鶏卵を泡立てて小麦粉、砂糖、水飴を混ぜ合わせた生地をオーブンで焼いた菓子。

ポルトガルから伝わった南蛮菓子を元に日本で独自に発展した。
日本におけるカステラは長崎が本場とされており、その「長崎カステラ」と呼ばれるものは、長崎県長崎市の福砂屋を元祖とする、同じ製法のものを総称している。
正方形または長方形の大きな型に流し込んで、オーブンで焼いた後に棹型に切る。
水飴を用いているので、しっとりとした食感がある。
牛乳・抹茶・黒糖・チョコレート・チーズなどを加えて味付けをする変種も多い。

名称の由来

  • スペインの地方名カスティーリャ(Castilla)のポルトガル語発音であるカステーラ(Castela)という説。
  • カステラ製造過程でのメレンゲを作る際、高く高く盛り上げる時「城(castelo)のように高くなれ!」と言ったことから、カステロ=カステラとなったという説。

原型

  • パン・デ・カスティーリャ(pão de Castela、カスティーリャ地方のパン)や、ビスコチョ(元は乾パン状の船乗りの保存食だったが、16世紀末頃、柔らかく焼き上げるレシピが生まれている)を由来とする説明。
  • ポルトガルの焼菓子であるパン・デ・ロー(pão de ló)が製法的に似ていることから、こちらを始祖とする説。

歴史

一般的な説では、16世紀の室町時代末期にポルトガルの宣教師によって平戸や長崎に伝えられたとされる。当初のカステラは鶏卵、小麦粉、砂糖で作った簡素なものであり、ヨーロッパの菓子類としては珍しく乳製品を用いないことから、乳製品を生産、常用しない当時の日本にも残ることができた。
カステラの製造に重要なオーブンは当時の日本には存在せず、オーブンに代替する天火として、引き釜という炭火を用いる日本独自の装置が考案された。
江戸時代には菓子製造の盛んだった江戸・大坂を中心にカステラの日本化と、カステラを焼くための炭釜の改良が進められ、江戸時代中期には現在の長崎カステラの原型に近いものが作られている。
長崎カステラの特徴である水飴の使用は、明治時代以降の西日本で始められたと言われ、これにより現在のしっとりとした食感となった。西日本においては、原型のパウンドケーキのようなさっくりとした感触が好まれなかったと見られる。

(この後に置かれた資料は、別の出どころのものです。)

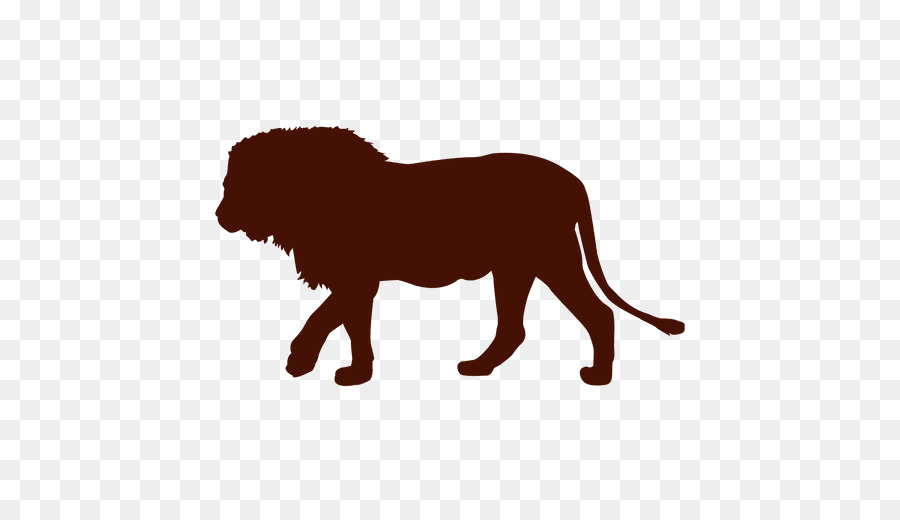 Lion Drawing Silhouette Clip art - lion png download - 512*512 - Free Transparent Lion png Download.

カステラの製法は江戸時代の製菓書・料理書に数多掲載され、茶会でも多く用いられた。
その一方で、カステラは鶏卵・小麦粉・砂糖といった栄養価の高い材料の使用から、江戸時代から戦前にかけて結核などの消耗性疾患に対する一種の栄養剤としても用いられていたこともある。
近代には水飴の使用が普及して、和菓子らしい風味をそなえるようになり、ガスオーブンや電気釜の使用で、以前より楽に安定してカステラが焼かれるようになった。
こうした改良により各地に広まり、第二次世界大戦後の大量生産によって一般に普及したものと推測される。

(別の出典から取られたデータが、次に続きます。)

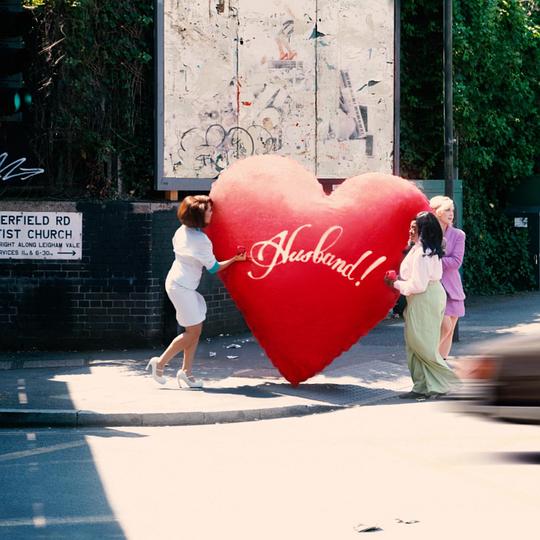 Where The Hell Is My Husband!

カステラを棹型に切り揃える際に、切り落とし(耳)が発生する。これを袋詰めしたり、ラップで包んだりして、本来の製品よりも割安で販売する場合も多い。材料は本来の製品と変わらず、むしろ砂糖が蜜のように集まったり、結晶化したりして、甘みを増している場合もあり、おやつなど贈答以外の用途に購入される。長崎県では、これを牛乳などに浸して食べることもよく行われる。



有名メーカー

1624年(寛永元年)創業:福砂屋(長崎県長崎市) 「カステラ本家」を商標登録
1681年(天和元年)創業:松翁軒(長崎県長崎市)
1900年(明治33年)創業:文明堂(長崎県長崎市ほか暖簾分けにより各地) 関東地方では、カンカンダンスを踊るクマの操り人形のCMで知られている。
1952年(昭和27年)創業:銀装(大阪市中央区) 「紙の缶詰」という熱殺菌技術を開発し、カステラの賞味期限を延ばす事に初めて成功した。